• [Your task]
Your answer should consist only of the lines below from the one with "2023 Hyundai Palisade SEL - miniatura 7" through the one with "INDUSTRIAL MRO 1197887", copied exactly.

===

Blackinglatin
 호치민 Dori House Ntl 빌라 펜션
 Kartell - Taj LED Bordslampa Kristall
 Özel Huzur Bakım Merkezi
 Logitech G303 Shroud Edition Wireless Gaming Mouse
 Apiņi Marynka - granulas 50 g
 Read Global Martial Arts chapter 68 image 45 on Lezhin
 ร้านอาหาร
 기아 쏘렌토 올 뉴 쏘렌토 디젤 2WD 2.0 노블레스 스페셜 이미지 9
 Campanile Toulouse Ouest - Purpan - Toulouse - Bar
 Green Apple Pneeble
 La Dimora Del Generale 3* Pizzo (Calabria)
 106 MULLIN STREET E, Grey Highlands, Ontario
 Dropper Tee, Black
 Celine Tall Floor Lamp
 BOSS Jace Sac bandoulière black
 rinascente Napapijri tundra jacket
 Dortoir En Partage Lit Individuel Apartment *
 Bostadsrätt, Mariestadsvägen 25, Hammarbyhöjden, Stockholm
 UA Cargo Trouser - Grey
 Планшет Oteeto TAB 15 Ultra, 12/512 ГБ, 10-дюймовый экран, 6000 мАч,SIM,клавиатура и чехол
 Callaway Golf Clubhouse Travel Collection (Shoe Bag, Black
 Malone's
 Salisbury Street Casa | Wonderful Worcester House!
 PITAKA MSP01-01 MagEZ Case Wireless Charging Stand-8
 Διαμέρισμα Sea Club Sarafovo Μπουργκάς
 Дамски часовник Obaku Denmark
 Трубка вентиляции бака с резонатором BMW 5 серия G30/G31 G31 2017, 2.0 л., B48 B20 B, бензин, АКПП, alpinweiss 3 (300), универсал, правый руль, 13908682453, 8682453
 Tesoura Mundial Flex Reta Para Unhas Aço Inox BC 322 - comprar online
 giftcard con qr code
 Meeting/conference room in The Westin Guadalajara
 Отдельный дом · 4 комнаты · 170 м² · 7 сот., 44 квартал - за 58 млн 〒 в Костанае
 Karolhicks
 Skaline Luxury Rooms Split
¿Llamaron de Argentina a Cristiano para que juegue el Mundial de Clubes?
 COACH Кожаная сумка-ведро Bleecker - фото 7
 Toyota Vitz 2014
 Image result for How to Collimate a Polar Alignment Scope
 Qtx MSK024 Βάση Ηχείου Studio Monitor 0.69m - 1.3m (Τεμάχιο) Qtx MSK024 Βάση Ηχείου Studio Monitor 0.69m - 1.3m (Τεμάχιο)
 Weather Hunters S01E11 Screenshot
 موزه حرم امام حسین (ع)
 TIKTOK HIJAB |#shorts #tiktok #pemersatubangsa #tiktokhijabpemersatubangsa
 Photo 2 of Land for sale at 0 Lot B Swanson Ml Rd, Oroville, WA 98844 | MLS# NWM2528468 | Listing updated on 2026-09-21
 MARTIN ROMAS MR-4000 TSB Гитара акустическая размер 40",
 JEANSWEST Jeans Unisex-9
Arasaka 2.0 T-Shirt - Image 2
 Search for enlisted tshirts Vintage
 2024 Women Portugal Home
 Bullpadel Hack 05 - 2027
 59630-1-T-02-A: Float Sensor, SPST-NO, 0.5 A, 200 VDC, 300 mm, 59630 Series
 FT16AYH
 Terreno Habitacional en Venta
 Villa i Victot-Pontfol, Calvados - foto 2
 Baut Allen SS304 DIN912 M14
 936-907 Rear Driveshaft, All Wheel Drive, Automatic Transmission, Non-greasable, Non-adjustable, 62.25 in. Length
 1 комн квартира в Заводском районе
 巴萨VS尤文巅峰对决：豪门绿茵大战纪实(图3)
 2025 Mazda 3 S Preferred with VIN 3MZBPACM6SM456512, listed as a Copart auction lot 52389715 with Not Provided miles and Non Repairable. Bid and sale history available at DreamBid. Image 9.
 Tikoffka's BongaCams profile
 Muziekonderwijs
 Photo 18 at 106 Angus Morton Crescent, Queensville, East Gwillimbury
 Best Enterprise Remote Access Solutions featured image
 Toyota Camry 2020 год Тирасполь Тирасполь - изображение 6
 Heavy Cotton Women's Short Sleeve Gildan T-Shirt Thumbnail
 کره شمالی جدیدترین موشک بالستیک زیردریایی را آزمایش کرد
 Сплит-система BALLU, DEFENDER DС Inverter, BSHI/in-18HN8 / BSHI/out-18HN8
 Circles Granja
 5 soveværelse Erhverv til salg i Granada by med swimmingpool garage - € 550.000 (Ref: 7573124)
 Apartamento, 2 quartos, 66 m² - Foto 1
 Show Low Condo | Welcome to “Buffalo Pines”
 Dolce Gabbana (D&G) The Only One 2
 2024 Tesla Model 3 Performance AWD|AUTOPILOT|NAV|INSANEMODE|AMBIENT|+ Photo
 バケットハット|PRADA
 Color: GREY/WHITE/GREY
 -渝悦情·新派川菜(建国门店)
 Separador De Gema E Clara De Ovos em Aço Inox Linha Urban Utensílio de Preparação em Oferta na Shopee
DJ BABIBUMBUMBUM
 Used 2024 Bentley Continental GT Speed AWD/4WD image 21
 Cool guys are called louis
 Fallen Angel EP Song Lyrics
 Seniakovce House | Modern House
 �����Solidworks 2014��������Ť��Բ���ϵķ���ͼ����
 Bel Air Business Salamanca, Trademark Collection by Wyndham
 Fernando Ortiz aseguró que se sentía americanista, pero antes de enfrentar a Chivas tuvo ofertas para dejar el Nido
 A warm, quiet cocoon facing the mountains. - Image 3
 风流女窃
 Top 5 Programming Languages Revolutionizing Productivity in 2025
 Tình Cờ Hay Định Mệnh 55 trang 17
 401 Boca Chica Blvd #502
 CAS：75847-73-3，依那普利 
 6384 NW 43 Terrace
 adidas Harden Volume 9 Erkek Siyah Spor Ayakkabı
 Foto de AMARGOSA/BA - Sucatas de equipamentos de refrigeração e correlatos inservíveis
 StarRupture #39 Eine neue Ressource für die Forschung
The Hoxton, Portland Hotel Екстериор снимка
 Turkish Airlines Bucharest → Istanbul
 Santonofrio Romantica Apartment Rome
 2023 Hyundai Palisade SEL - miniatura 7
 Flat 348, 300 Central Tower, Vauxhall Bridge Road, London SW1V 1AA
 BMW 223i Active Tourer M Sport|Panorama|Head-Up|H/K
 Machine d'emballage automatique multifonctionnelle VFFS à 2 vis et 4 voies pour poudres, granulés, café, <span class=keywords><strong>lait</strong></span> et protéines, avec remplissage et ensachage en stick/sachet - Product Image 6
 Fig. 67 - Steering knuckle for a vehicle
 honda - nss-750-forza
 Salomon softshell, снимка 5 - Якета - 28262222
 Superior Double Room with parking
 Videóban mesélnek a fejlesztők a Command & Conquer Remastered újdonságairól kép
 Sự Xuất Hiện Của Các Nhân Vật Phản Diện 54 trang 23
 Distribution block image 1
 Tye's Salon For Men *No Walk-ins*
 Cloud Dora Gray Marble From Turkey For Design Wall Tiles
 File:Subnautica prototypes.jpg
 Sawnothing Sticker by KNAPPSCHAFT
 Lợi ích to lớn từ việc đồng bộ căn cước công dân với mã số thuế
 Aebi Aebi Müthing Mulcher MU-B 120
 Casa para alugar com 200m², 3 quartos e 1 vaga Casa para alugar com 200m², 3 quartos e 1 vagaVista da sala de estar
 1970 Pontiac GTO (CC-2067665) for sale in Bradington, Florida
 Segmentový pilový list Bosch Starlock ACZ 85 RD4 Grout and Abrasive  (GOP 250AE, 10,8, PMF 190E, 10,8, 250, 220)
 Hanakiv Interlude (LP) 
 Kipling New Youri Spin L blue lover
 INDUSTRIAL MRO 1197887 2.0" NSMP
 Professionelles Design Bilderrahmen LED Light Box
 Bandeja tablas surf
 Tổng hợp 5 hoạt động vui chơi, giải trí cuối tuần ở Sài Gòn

===

• [Your solution]
 2023 Hyundai Palisade SEL - miniatura 7
 Flat 348, 300 Central Tower, Vauxhall Bridge Road, London SW1V 1AA
 BMW 223i Active Tourer M Sport|Panorama|Head-Up|H/K
 Machine d'emballage automatique multifonctionnelle VFFS à 2 vis et 4 voies pour poudres, granulés, café, <span class=keywords><strong>lait</strong></span> et protéines, avec remplissage et ensachage en stick/sachet - Product Image 6
 Fig. 67 - Steering knuckle for a vehicle
 honda - nss-750-forza
 Salomon softshell, снимка 5 - Якета - 28262222
 Superior Double Room with parking
 Videóban mesélnek a fejlesztők a Command & Conquer Remastered újdonságairól kép
 Sự Xuất Hiện Của Các Nhân Vật Phản Diện 54 trang 23
 Distribution block image 1
 Tye's Salon For Men *No Walk-ins*
 Cloud Dora Gray Marble From Turkey For Design Wall Tiles
 File:Subnautica prototypes.jpg
 Sawnothing Sticker by KNAPPSCHAFT
 Lợi ích to lớn từ việc đồng bộ căn cước công dân với mã số thuế
 Aebi Aebi Müthing Mulcher MU-B 120
 Casa para alugar com 200m², 3 quartos e 1 vaga Casa para alugar com 200m², 3 quartos e 1 vagaVista da sala de estar
 1970 Pontiac GTO (CC-2067665) for sale in Bradington, Florida
 Segmentový pilový list Bosch Starlock ACZ 85 RD4 Grout and Abrasive  (GOP 250AE, 10,8, PMF 190E, 10,8, 250, 220)
 Hanakiv Interlude (LP) 
 Kipling New Youri Spin L blue lover
 INDUSTRIAL MRO 1197887 2.0" NSMP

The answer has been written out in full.